§ **EXERCISE DIRECTIONS**
Would you please write out every record exactly?

§ **RAW DATA**
◆ ◆ ◆ ◆ ◆
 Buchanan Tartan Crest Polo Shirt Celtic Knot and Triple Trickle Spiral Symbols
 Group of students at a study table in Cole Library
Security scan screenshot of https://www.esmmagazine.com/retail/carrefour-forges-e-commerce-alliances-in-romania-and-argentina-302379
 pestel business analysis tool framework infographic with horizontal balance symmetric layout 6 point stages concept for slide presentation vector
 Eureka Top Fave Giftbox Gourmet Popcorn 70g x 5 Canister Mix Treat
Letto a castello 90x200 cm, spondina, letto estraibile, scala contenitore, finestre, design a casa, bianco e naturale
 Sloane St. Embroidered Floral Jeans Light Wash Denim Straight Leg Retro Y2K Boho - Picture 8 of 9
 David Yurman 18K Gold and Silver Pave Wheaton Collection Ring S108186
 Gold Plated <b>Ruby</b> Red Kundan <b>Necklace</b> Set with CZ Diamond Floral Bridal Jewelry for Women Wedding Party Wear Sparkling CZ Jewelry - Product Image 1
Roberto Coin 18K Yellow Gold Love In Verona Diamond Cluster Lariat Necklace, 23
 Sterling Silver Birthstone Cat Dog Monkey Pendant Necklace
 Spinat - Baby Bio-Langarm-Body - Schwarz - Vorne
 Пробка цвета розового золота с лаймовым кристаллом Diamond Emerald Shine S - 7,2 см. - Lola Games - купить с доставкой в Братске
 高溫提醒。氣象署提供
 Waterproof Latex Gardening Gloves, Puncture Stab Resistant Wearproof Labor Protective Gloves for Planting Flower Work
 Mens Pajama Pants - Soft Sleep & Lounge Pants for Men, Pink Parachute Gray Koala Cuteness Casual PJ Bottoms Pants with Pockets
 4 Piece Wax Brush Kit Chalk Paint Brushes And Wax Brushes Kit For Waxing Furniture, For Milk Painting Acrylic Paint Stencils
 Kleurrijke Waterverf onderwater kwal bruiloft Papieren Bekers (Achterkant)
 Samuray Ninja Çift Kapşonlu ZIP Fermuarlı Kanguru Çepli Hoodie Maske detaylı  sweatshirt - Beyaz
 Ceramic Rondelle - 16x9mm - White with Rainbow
◆ ◆ ◆ ◆ ◆
§ **EXERCISE ANSWER**
 Buchanan Tartan Crest Polo Shirt Celtic Knot and Triple Trickle Spiral Symbols
 Group of students at a study table in Cole Library
Security scan screenshot of https://www.esmmagazine.com/retail/carrefour-forges-e-commerce-alliances-in-romania-and-argentina-302379
 pestel business analysis tool framework infographic with horizontal balance symmetric layout 6 point stages concept for slide presentation vector
 Eureka Top Fave Giftbox Gourmet Popcorn 70g x 5 Canister Mix Treat
Letto a castello 90x200 cm, spondina, letto estraibile, scala contenitore, finestre, design a casa, bianco e naturale
 Sloane St. Embroidered Floral Jeans Light Wash Denim Straight Leg Retro Y2K Boho - Picture 8 of 9
 David Yurman 18K Gold and Silver Pave Wheaton Collection Ring S108186
 Gold Plated <b>Ruby</b> Red Kundan <b>Necklace</b> Set with CZ Diamond Floral Bridal Jewelry for Women Wedding Party Wear Sparkling CZ Jewelry - Product Image 1
Roberto Coin 18K Yellow Gold Love In Verona Diamond Cluster Lariat Necklace, 23
 Sterling Silver Birthstone Cat Dog Monkey Pendant Necklace
 Spinat - Baby Bio-Langarm-Body - Schwarz - Vorne
 Пробка цвета розового золота с лаймовым кристаллом Diamond Emerald Shine S - 7,2 см. - Lola Games - купить с доставкой в Братске
 高溫提醒。氣象署提供
 Waterproof Latex Gardening Gloves, Puncture Stab Resistant Wearproof Labor Protective Gloves for Planting Flower Work
 Mens Pajama Pants - Soft Sleep & Lounge Pants for Men, Pink Parachute Gray Koala Cuteness Casual PJ Bottoms Pants with Pockets
 4 Piece Wax Brush Kit Chalk Paint Brushes And Wax Brushes Kit For Waxing Furniture, For Milk Painting Acrylic Paint Stencils
 Kleurrijke Waterverf onderwater kwal bruiloft Papieren Bekers (Achterkant)
 Samuray Ninja Çift Kapşonlu ZIP Fermuarlı Kanguru Çepli Hoodie Maske detaylı  sweatshirt - Beyaz
 Ceramic Rondelle - 16x9mm - White with Rainbow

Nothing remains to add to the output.